Instructions to follow =
In the data below, find the line containing "Used 2024 Blue", then set down that line and every later line up to and including the line containing "FZ FORZA Authentic", exactly.
[Provided material]
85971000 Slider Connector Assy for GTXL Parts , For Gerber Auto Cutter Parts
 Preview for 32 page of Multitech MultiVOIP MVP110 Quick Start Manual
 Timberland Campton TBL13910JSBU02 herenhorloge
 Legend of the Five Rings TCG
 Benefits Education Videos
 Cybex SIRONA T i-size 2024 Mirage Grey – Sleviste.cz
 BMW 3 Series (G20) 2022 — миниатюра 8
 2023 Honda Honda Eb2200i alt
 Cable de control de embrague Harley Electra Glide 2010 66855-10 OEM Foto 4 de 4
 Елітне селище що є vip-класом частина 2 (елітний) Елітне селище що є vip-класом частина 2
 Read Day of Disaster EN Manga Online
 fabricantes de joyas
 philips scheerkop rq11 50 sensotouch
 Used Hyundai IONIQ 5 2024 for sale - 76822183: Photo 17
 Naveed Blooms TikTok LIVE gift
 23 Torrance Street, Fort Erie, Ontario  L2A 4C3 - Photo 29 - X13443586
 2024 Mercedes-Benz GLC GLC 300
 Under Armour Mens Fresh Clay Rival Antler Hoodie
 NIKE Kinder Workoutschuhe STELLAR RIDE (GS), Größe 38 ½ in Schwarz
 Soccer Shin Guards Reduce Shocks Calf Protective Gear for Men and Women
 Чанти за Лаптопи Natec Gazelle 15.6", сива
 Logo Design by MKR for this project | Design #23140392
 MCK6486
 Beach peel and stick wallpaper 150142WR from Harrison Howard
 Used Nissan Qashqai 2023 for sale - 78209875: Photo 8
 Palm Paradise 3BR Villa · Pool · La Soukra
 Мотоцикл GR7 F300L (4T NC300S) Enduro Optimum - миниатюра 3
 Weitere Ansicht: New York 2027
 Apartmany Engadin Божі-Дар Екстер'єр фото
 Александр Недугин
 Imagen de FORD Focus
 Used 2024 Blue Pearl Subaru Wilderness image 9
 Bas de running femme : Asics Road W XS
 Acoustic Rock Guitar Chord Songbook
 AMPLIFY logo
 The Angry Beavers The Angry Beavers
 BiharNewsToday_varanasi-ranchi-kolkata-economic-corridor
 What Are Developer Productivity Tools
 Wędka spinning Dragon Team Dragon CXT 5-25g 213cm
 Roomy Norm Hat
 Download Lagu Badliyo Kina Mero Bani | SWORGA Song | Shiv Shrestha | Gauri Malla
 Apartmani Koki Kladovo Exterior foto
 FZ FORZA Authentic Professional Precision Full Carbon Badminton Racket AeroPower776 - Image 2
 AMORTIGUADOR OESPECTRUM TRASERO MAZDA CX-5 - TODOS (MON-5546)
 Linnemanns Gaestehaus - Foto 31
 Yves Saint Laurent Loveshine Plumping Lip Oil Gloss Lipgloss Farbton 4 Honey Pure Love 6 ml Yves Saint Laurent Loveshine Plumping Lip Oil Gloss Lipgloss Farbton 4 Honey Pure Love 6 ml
[/Provided material]
Result =
 Used 2024 Blue Pearl Subaru Wilderness image 9
 Bas de running femme : Asics Road W XS
 Acoustic Rock Guitar Chord Songbook
 AMPLIFY logo
 The Angry Beavers The Angry Beavers
 BiharNewsToday_varanasi-ranchi-kolkata-economic-corridor
 What Are Developer Productivity Tools
 Wędka spinning Dragon Team Dragon CXT 5-25g 213cm
 Roomy Norm Hat
 Download Lagu Badliyo Kina Mero Bani | SWORGA Song | Shiv Shrestha | Gauri Malla
 Apartmani Koki Kladovo Exterior foto
 FZ FORZA Authentic Professional Precision Full Carbon Badminton Racket AeroPower776 - Image 2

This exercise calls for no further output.